The December 2022 issue of IEEE Spectrum is here!

Close bar

Two Startups Use Processing in Flash Memory for AI at the Edge

Mythic AI and Syntiant sound similar on the surface, but they’re after different markets

2 min read
A zoomed-in photo shows the flash array developed by the startup called Mythic.
Photo: Courtesy of Mythic

Irvine, Calif.–based Syntiant thinks it can use embedded flash memory to greatly reduce the amount of power needed to perform deep-learning computations. Austin, Texas–based Mythic thinks it can use embedded flash memory to greatly reduce the amount of power needed to perform deep-learning computations. They both might be right.

A growing crowd of companies are hoping to deliver chips that accelerate otherwise onerous deep learning applications, and to some degree they all have similarities because “these are solutions that are created by the shape of the problem,” explains Mythic founder and CTO Dave Fick.

When executed in a CPU, that problem is shaped like a traffic jam of data.
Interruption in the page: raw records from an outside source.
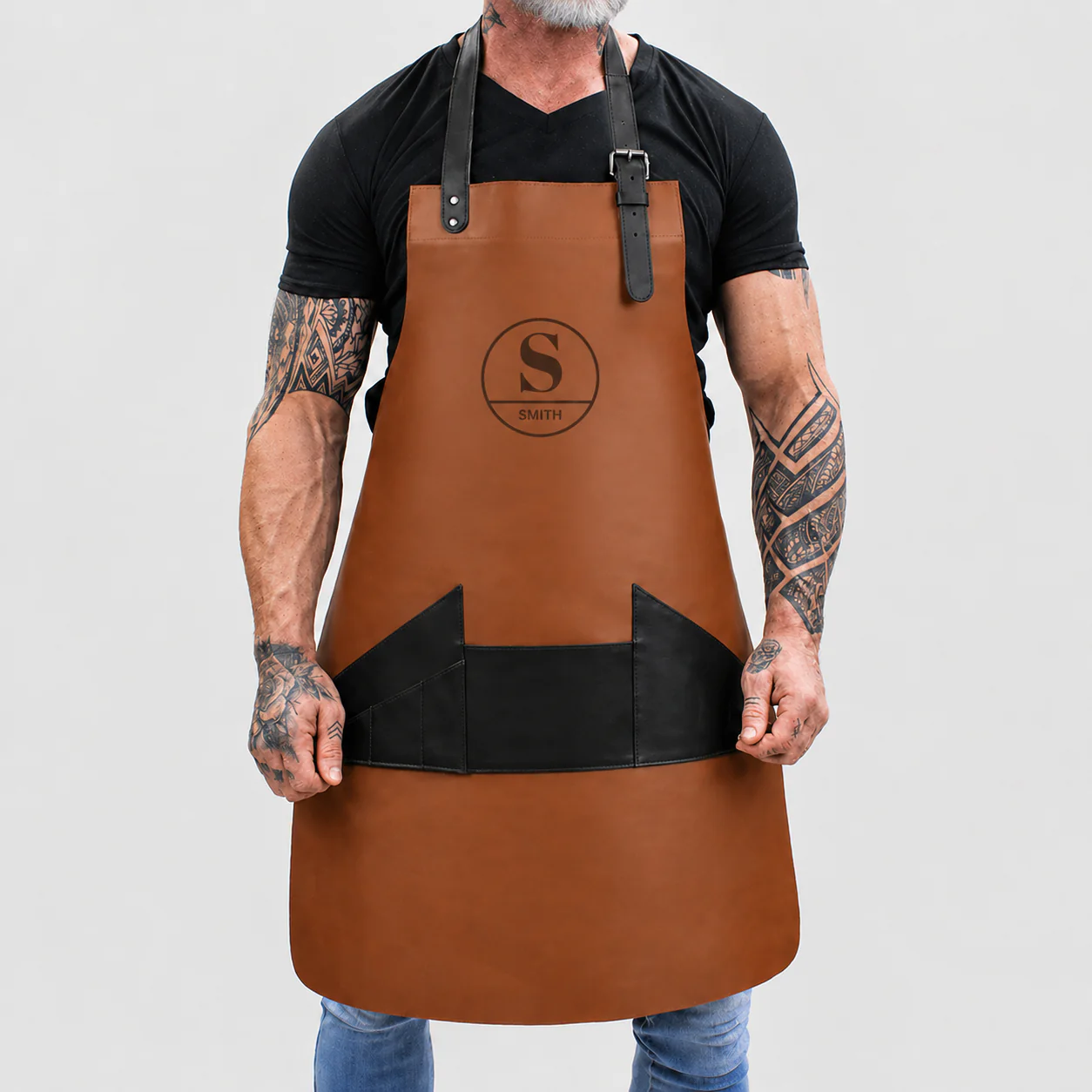 Laser Personalized Leather Apron - Image 3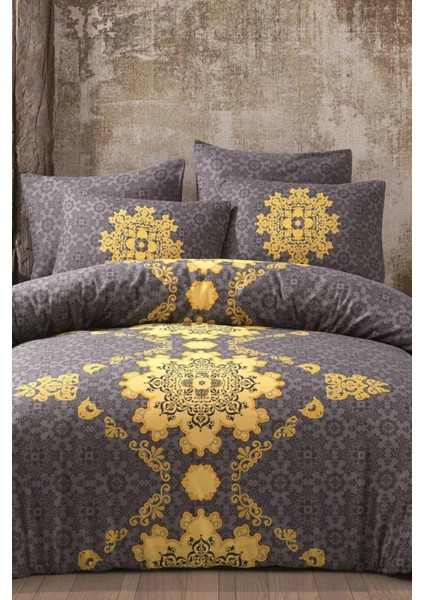 Çift Kişilik Nevresim Takımı Pamuklu Saray Işıltısı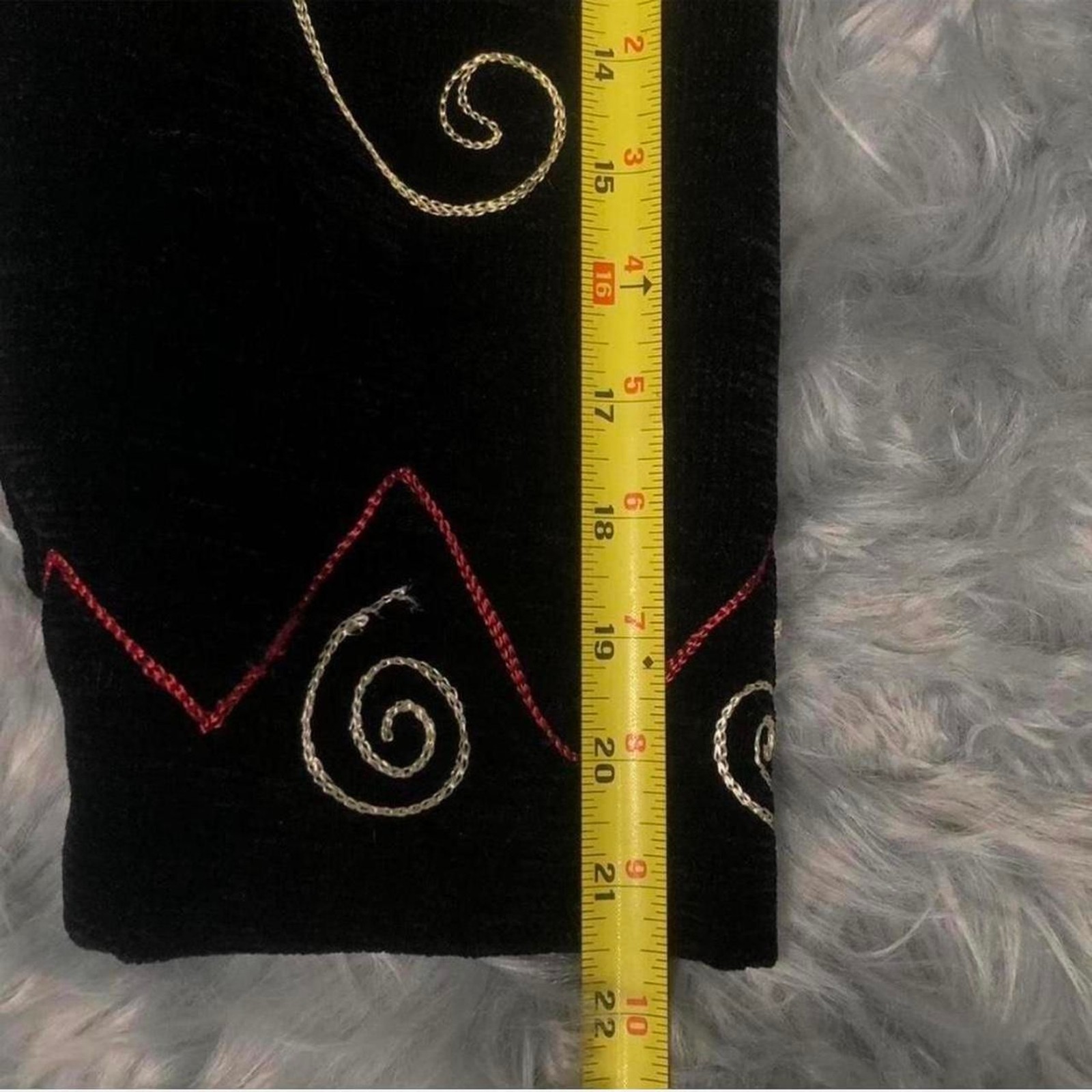 Black Coat With Patch Like Design - image 5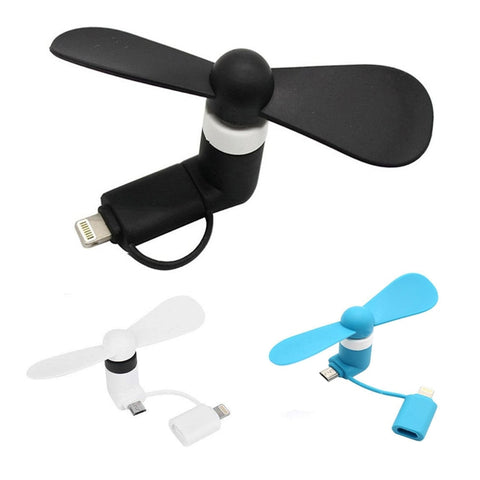 Mini 2 in 1 Portable Micro USB Fan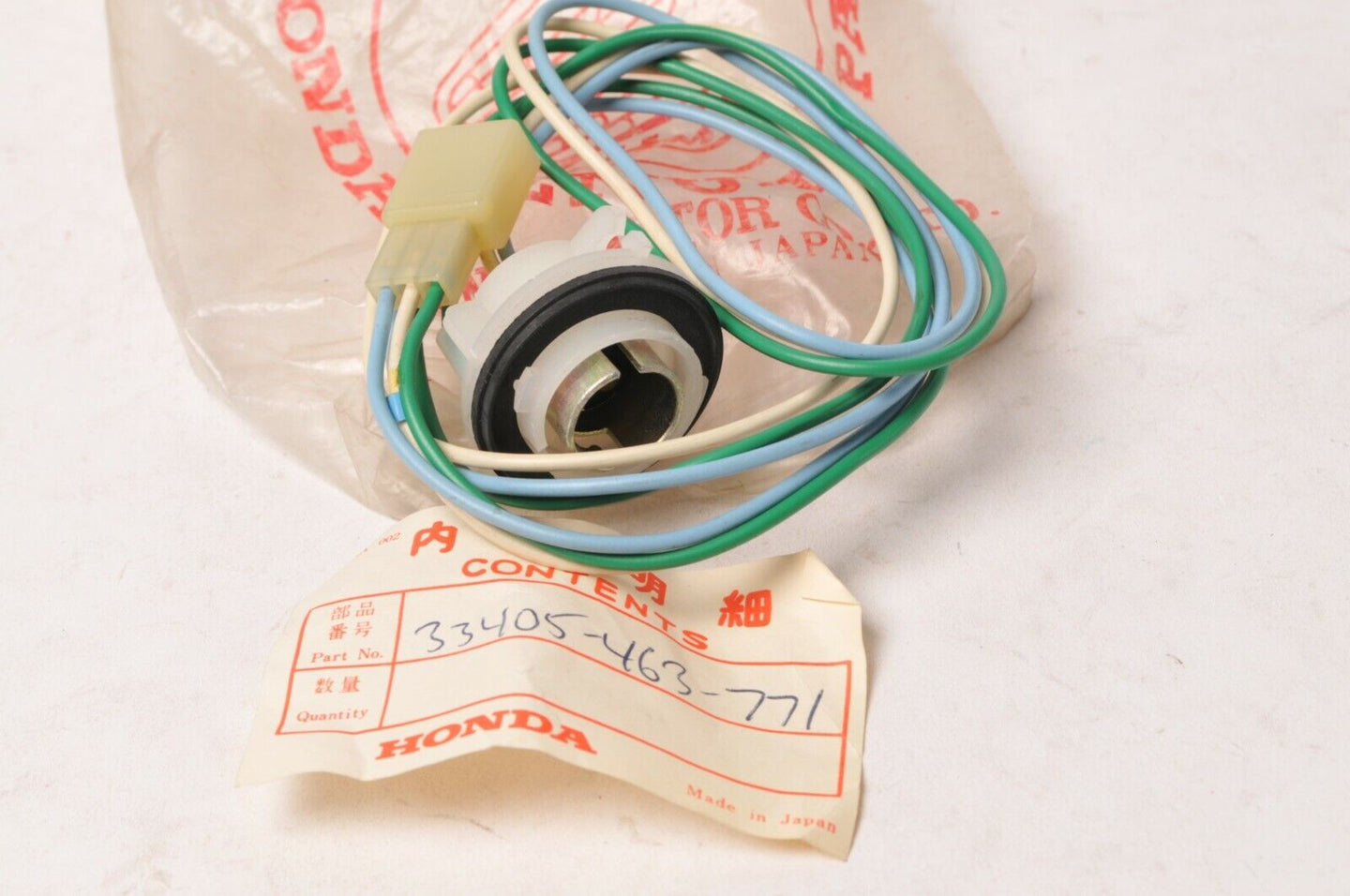 Genuine NOS Honda 33405-463-771 Socket,R Turn Signal pigtail harness GL500 1100 - Like New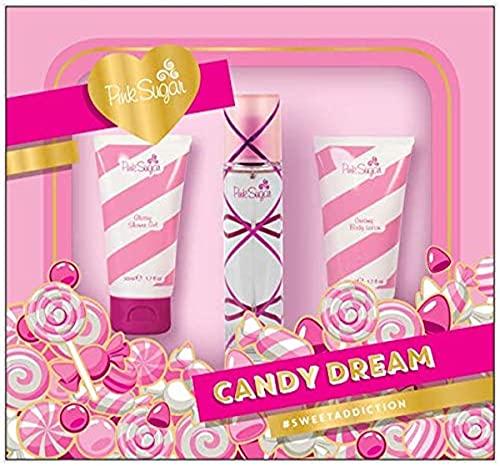 Pink Sugar Eau de Toilette Perfume for Women, Floral + Fruity Scent, Notes of Raspberry, Cotton Candy, and Vanilla, Sweet and Sensual Fragrance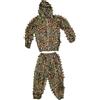 predolo Ghillie Suit Set Trenino da Cecchino Foglia Giungla Foresta Mimetico Bambini, Bambini, Taglia Unica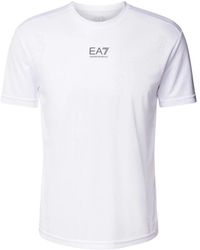 EA7 - Weißes T-Shirt Mit Kurzen Ärmeln Von Ea7 - Lyst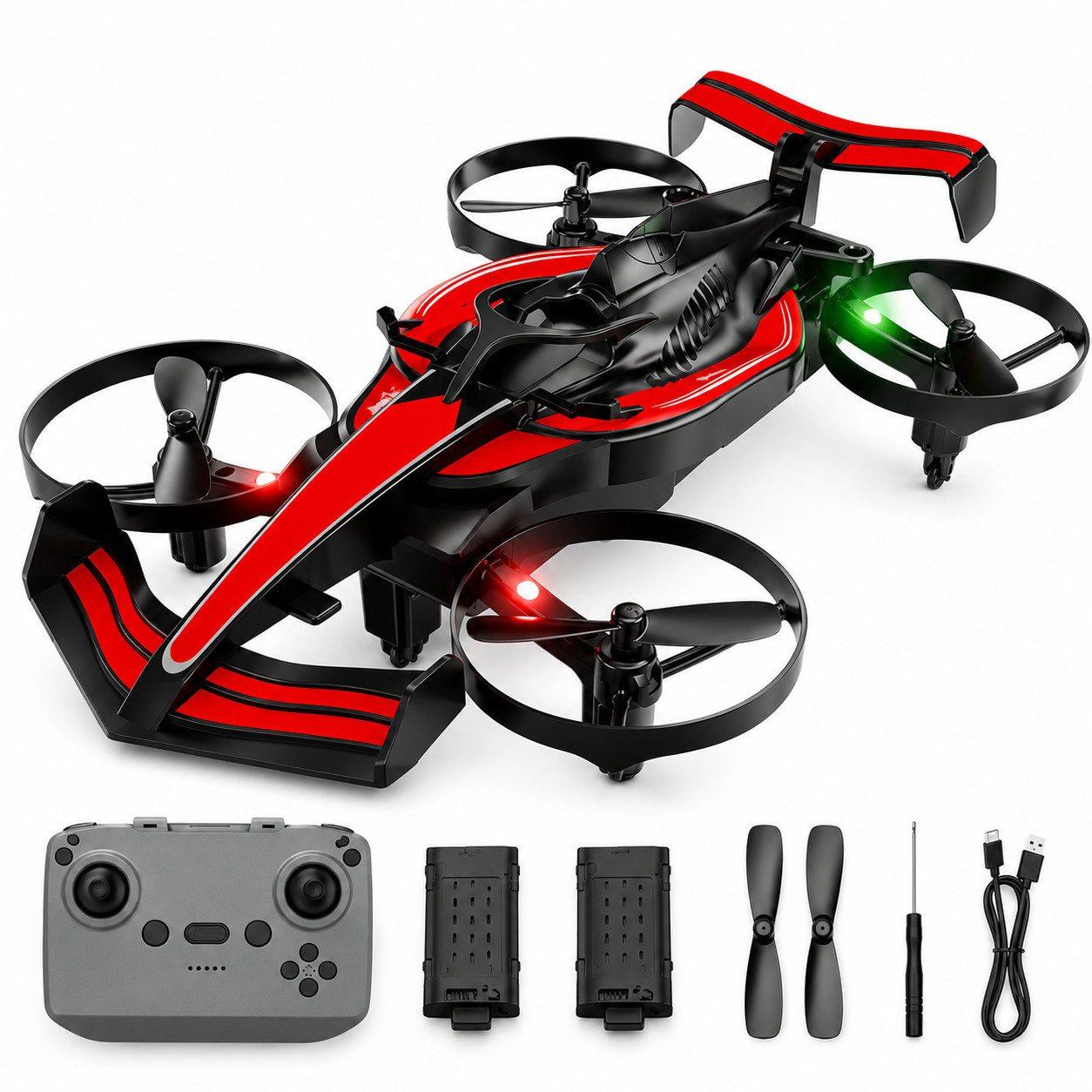 Goldstern RC-Autodrohne - Skyracer L1-Pro Rot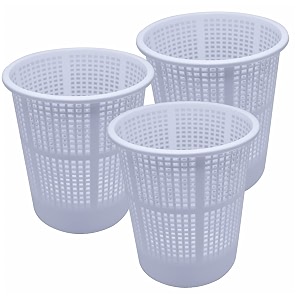 wonder homeware jali 222 open dustbin for homeofficeorganization etc set of 3 pcs 7 ltr dustbin black color white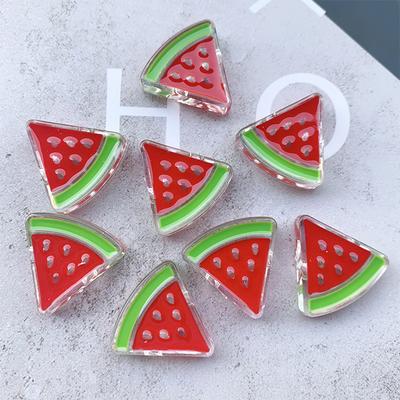 DIY Cute 3PCS Strawberry Pineapple Acrylic Beads Colorful Necklace Bracelet Findings Dripping Oil For Jewelry Making Watermelon Pendant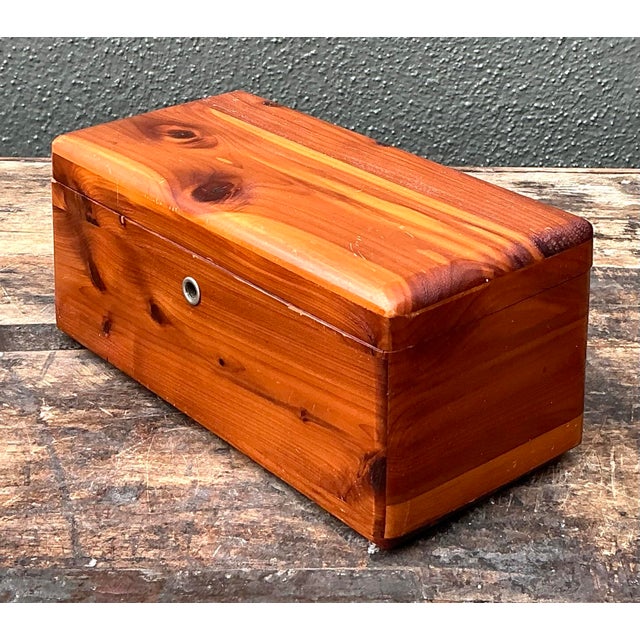 Vintage Lane Cedar Box For Sale - Image 12 of 12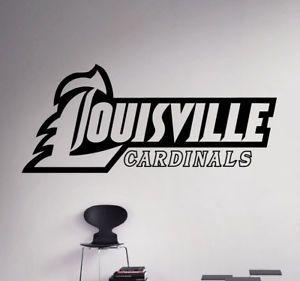 Louisville Cardinals Football Logo - Louisville Cardinals College Football Logo Wall Decal NCAA Vinyl ...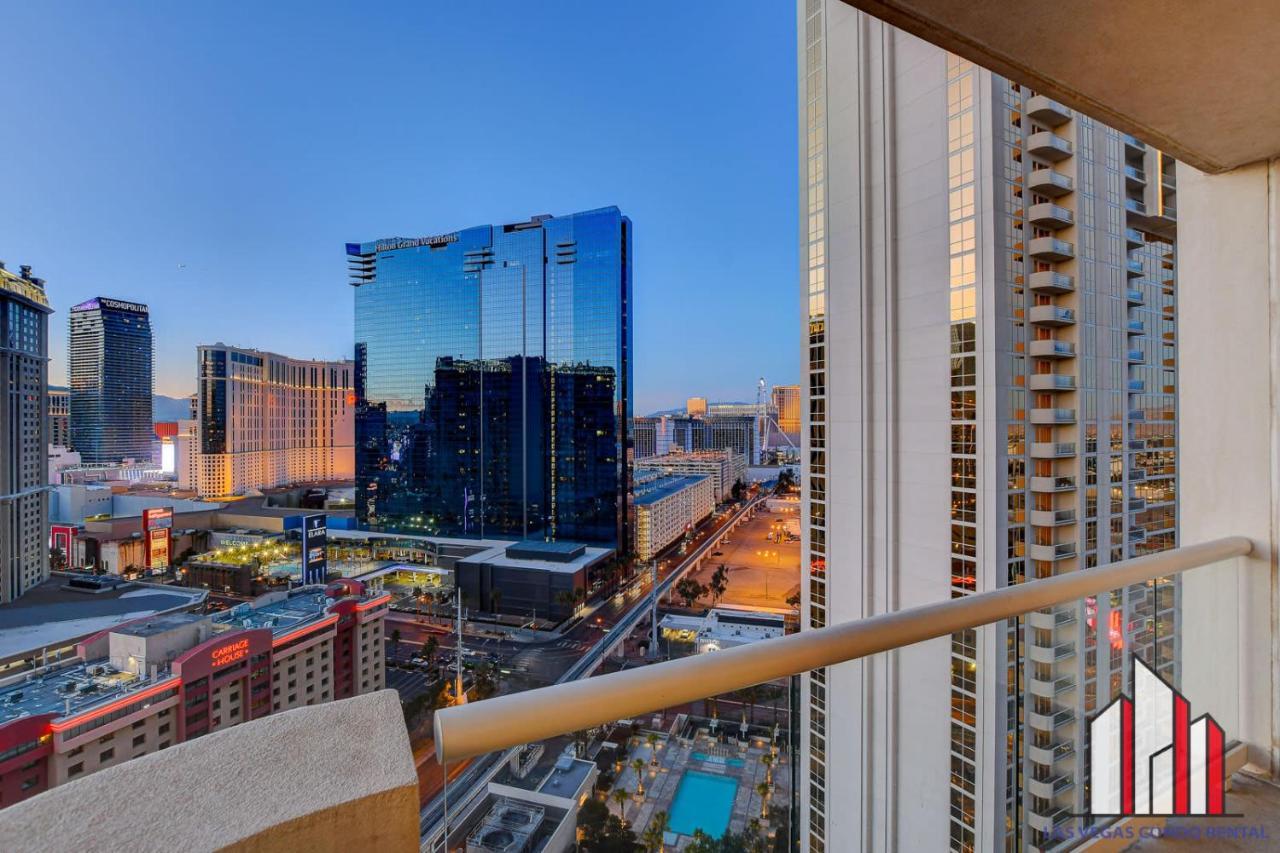 Mgm Signature-22-707 F1 Track & Strip View Balcony ลาสเวกัส ภายนอก รูปภาพ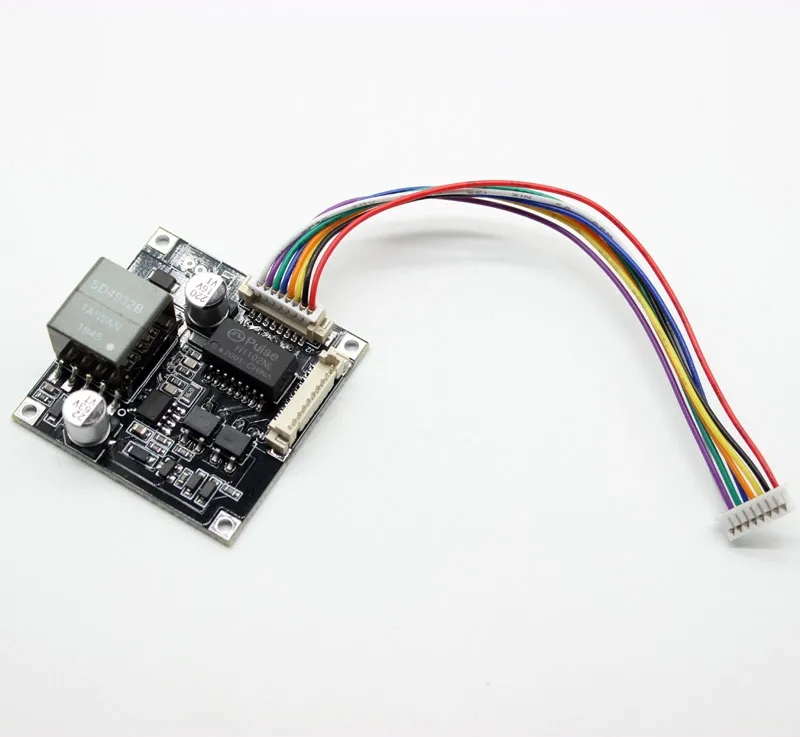 Плата модуля Smart POE IEEE802.3af/at для сетевой IP камеры видеонаблюдения H.265 8 контактов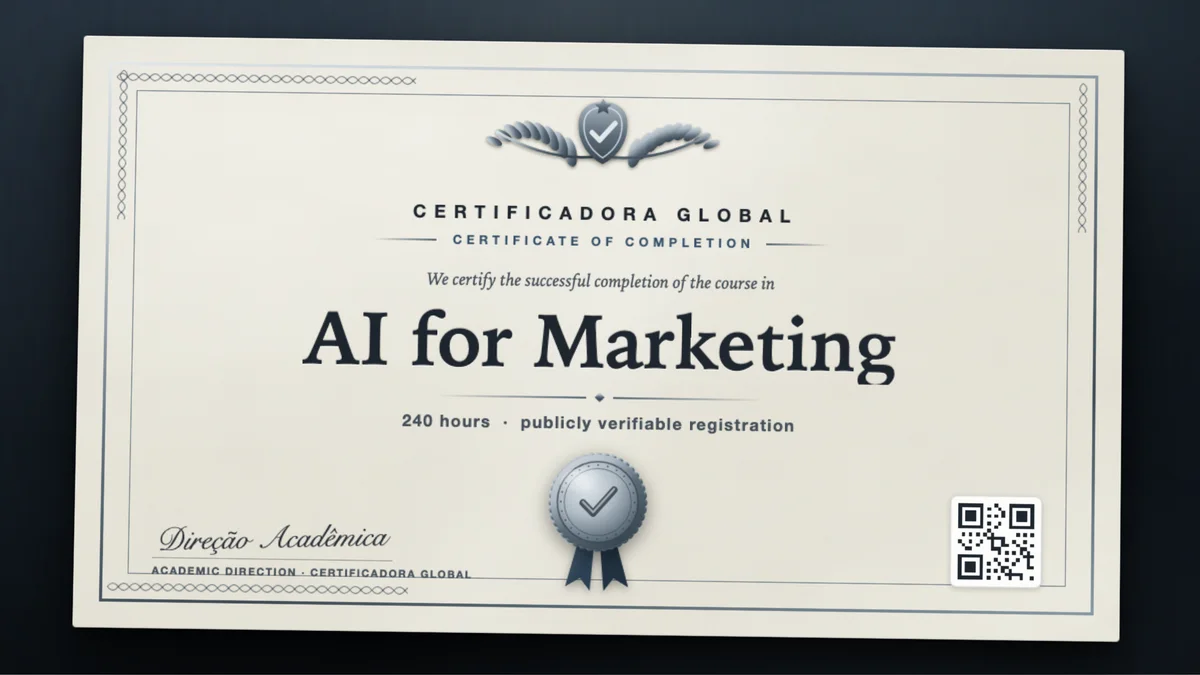 Cover of the AI for Marketing course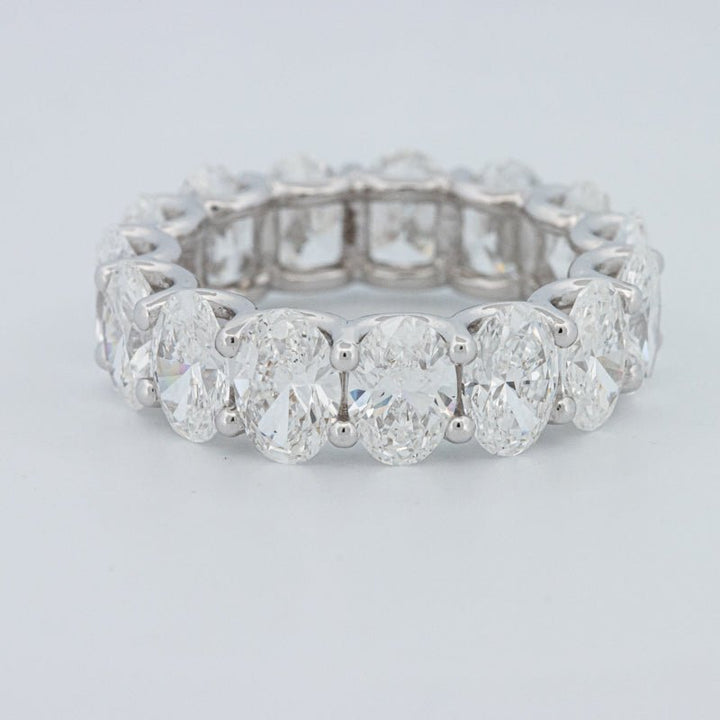 7.75 CT Full Oval Eternity Ring (LG) - ZIZOV DIAMONDS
A neural network is made up of connections and “weights” that denote how strong those connections are, and having to move those weights around so they can be represented digitally in the right place and time is the major energy expenditure in doing deep learning today.

“Our approach is to completely eliminate both memory bandwidth and memory power penalties by doing computation in memory,” explains Syntiant CEO Kurt Busch.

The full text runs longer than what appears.